RESPA was enacted to "protect home buyers from material nondisclosures in settlement statements and abusive practices in the settlement process, both in the actual settlement process and in the 'servicing' of a federally related mortgage loan." Gehman v. Agent Mtg. Co., LLC, 726 F. Supp. 2d 533, 540 (E.D. Pa. 2010). Under RESPA, borrowers may make a "qualified written request" to a mortgage loan servicer. 12 U.S.C. § 2605(e)(1)(A). A qualified written request is defined as:

a written correspondence, other than notice on a payment coupon or other payment medium supplied by the servicer, that—

(i) includes, or otherwise enables the servicer to identify, the name and account of the borrower; and

(ii) includes a statement of the reasons for the belief of the borrower, to the extent applicable, that the account is in error or provides sufficient detail to the servicer regarding other information sought by the borrower.
12 U.S.C. § 2605(e)(1)(B). If the borrower makes a qualified written request, the servicer must respond in writing within thirty days. Id. § 2605(e)(2). Failure to do so constitutes a violation of RESPA.

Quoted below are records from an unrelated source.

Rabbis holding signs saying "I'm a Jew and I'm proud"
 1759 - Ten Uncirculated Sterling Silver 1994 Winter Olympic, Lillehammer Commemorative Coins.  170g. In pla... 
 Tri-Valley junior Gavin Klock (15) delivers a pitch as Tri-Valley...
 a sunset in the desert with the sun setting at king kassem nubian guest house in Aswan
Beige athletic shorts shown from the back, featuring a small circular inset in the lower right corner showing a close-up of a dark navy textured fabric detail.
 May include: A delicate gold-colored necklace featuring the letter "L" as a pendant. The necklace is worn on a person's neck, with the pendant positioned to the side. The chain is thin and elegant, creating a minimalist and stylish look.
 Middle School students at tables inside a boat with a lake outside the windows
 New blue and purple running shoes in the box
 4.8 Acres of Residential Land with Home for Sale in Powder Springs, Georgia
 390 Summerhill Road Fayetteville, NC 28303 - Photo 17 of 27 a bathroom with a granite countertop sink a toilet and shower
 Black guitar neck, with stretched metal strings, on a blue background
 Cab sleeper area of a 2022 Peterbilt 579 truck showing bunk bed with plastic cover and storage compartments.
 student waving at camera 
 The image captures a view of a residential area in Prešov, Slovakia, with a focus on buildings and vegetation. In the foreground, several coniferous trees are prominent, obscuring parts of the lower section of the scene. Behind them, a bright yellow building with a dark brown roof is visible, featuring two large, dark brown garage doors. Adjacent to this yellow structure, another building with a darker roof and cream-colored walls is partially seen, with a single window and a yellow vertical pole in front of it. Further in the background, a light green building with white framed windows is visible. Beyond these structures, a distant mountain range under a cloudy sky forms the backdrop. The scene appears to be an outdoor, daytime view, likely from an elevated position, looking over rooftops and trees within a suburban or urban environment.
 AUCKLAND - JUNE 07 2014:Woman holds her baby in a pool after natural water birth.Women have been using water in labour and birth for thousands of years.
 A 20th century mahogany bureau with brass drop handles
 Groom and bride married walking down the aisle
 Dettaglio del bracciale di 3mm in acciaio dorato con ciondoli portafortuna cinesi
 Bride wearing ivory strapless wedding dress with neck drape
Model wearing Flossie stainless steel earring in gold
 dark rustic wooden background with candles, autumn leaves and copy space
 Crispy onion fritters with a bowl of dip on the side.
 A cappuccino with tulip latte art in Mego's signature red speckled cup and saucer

Defendants argue that Plouffe's RESPA claims must be dismissed because he has failed to plausibly allege that he sent any qualified written requests. Defendants maintain that the letters Plouffe wrote were not specific and contained insufficient detail. A plain reading of the amended complaint reveals that Defendants are incorrect. The amended complaint clearly alleges that Plouffe sent a myriad of written letters, requesting specific information, that were never responded to. For example, after receiving a letter from Defendants about the value of his house, Plouffe wrote back, disputing the valuation of the home and asking for more information on the house's value. (Am. Compl. ¶ 35). Defendants did not respond. (Id.) Later, Plouffe wrote another letter. In this letter, he sent Defendants various documents seeking clarification regarding his homeowners insurance, food stamps information, and deadlines that Defendants had imposed. (Id. ¶¶ 43-44). Defendants never responded to this letter. (Id.) At a later date, Plouffe wrote several more letters to Bayview repeating the issues he had with them and specifically "asked for the name of a supervisor." (Id. ¶¶ 47-48). Defendants never responded. (Id.) Plouffe wrote another letter asking Bayview why they had been ignoring his request for a forbearance. (Id. ¶ 54). Defendants did not respond. (Id.) Finally, Plouffe wrote a letter seeking clarification as to who—Bayview or M & T—had purchased his mortgage. (Id. ¶ 68). Defendants did not respond to this letter either. (Id.)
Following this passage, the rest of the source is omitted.